4/1 It’s the lowest lie.(差分)
四月一日、まさに春休み真っ盛りで学校のことなど夢にもでない、いい日和。
春の陽気に誘われてふらりと散歩に出てみるのも風情があるかと思ったりもしない。
春眠暁を覚えずとグダグダと惰眠を貪るのが気持ちいいかもしれないと思うわけもない。
なぜなら、腕の中にいる可愛い彼女を見ているだけで十分に飽きが来ないからだ。
彼女と一緒に家の中でボーッとしていたらいつの間にか彼女が寝てしまった。
とろりと甘くたれた目尻、にへらと緩んだ小さな口、白磁のような白いつややかな肌。
頬には健康的な桜色がまぶされ、銀色の髪は一本一本が細く、しなやかで手触りがいい。
ぽふり、と頬に柔らかいしっぽが当たる。
彼女の頭から生えた犬耳もピクピクとしているし、いい夢でも見てるんだろう。
うん、やっぱり彼女は可愛い。特に、無防備な寝顔というのはそそるものがある。
しかし、こうしているのは無論、最上の幸せなのだが。
いかんせん刺激が足りない気がするんだよなぁ。
あ、今スッゴイいいこと思いついた。――気がする。
思い立ったらすぐ行動。ゆらゆらと揺れているしっぽをガシッとわしづかみにする。
「ぴひぃやっ!?」
すごい声が出たな。
彼女は何事かと飛び起きて、力が抜けたようにがくんとへたり込む。
紅い瞳をパチパチとまばたかせ、しっぽをわしづかみにしながら笑っている俺を見つめる。

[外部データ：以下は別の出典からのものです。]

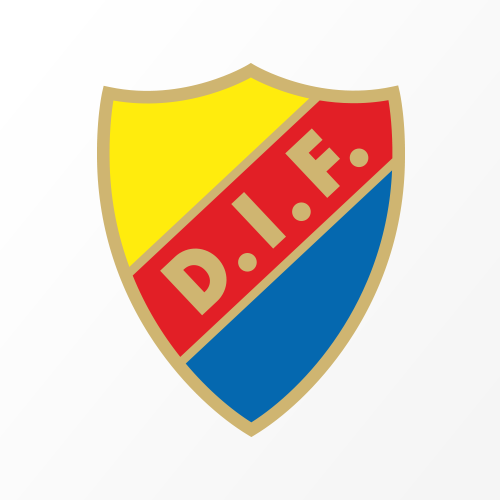 DJURGÅRDEN - FOOTBALL & HOCKEY Posters for sale at difshop.se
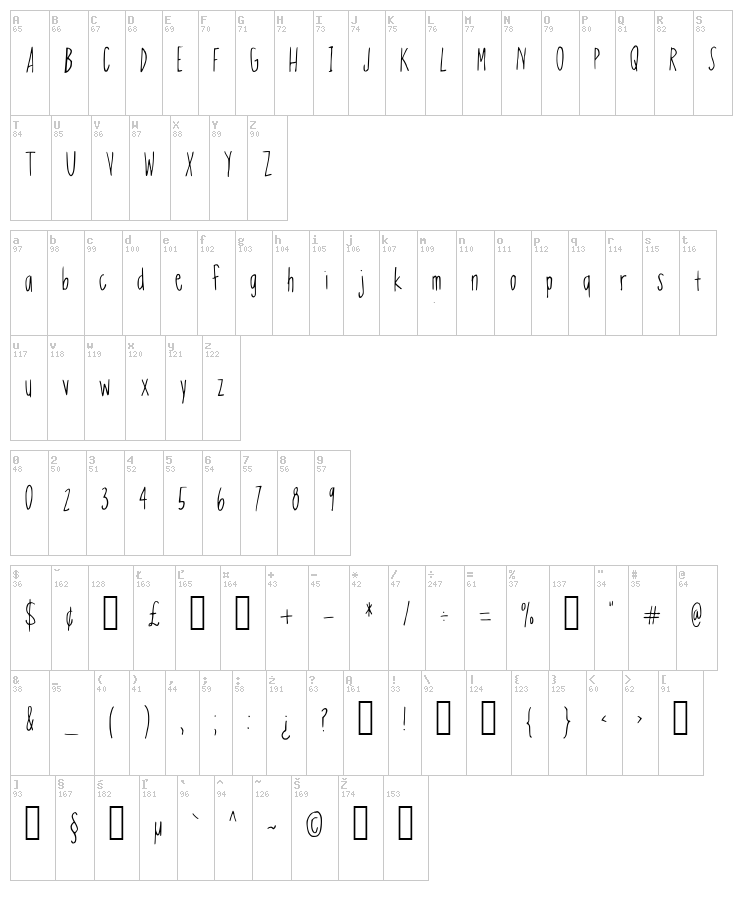 Neon font map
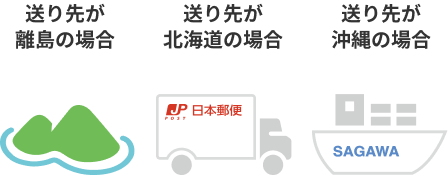 送り先によって送料や配送会社を変えるため、離島、北海道、沖縄県といった都道府県別に振り分ける。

しかし、すぐに俺のやったことに気づき尻尾を振り回……そうとする。
今でも俺がわしづかみにしているので動かせないのだ。
その上、少ししっぽをまさぐるように手を動かすと彼女は腰が抜けたようになる。
おかげでむやみにしっぽに触るなと言われているのだが……この手触りのいいしっぽを。
だんだんとしっぽを動かす気力がなくなってきたらしく、不機嫌そうな顔をする。
そして、プクーと頬を膨らませて後ろを向く彼女。うん、可愛い。
「すまんな、しっぽが顔にあたって癪にさわった」
「ふぇ、えぇ! ご、ごめんなさい!」
用意していたセリフを言うと思った通りにあたふたとしだす。
別にいいって、などと言いながら彼女のあたふたとした仕草を堪能する。
それがあまりにも可愛いものだからつい、膝の上に乗せて撫で撫でしてしまった。
ペタンと犬耳が垂れて、しっぽを控えめに振る。
ああ、これはだめだな。この嘘は早めに撤回しないと、彼女の元気よく振られるしっぽも可愛いのに、それが存分に見れなくなってしまう。

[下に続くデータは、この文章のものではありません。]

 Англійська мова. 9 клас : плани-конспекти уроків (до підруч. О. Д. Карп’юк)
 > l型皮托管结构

顔を赤くして俯いてしまったため表情は見えないが、やはり彼女は可愛い。
「ごめん、嘘。ほら、今日って四月一日だろ。エイプリルフール!」
「……えぇ! だ、騙したなー!」
種明かしをした途端にガバッと顔を上げ、怒って顔を赤くする。
腕の中で暴れて抜け出そうとするけど抜け出せない彼女。
しまいにはふんすっと言わんばかりの顔で座り込んでしまった。
そんな彼女は怖くない。というか、やっぱり可愛い。
「ふーんだ、そんな嘘を言うあなたなんか大嫌いだよー」
「なん、だと……。お前に嫌われたら俺は生きていけないぞー!」
なんかいきなり衝撃的なことを言われたので、彼女をしっかりと抱きしめたまま床をゴロゴロと転がりまわった。
「きゃ、きゅうん!」
予想もしていなかった反撃を食らった彼女は可愛い悲鳴を上げて目を回してしまった。
横になったまま彼女と向き合って、おでこをコツンと触れ合わせる。
「で、本当に俺のこと、嫌いになった?」
「うぅ! そんなわけないよ。大好きだもん」
その言葉を聞いた俺はたまらずキスをする。
触れ合うだけの、幼稚にも見えるキスで真っ赤になった彼女は、これ以上ないくらいに可愛い笑顔を見せてくれた。
ほんと、俺も大好きだよ。だから、いつまでもこの可愛い彼女と居られますように。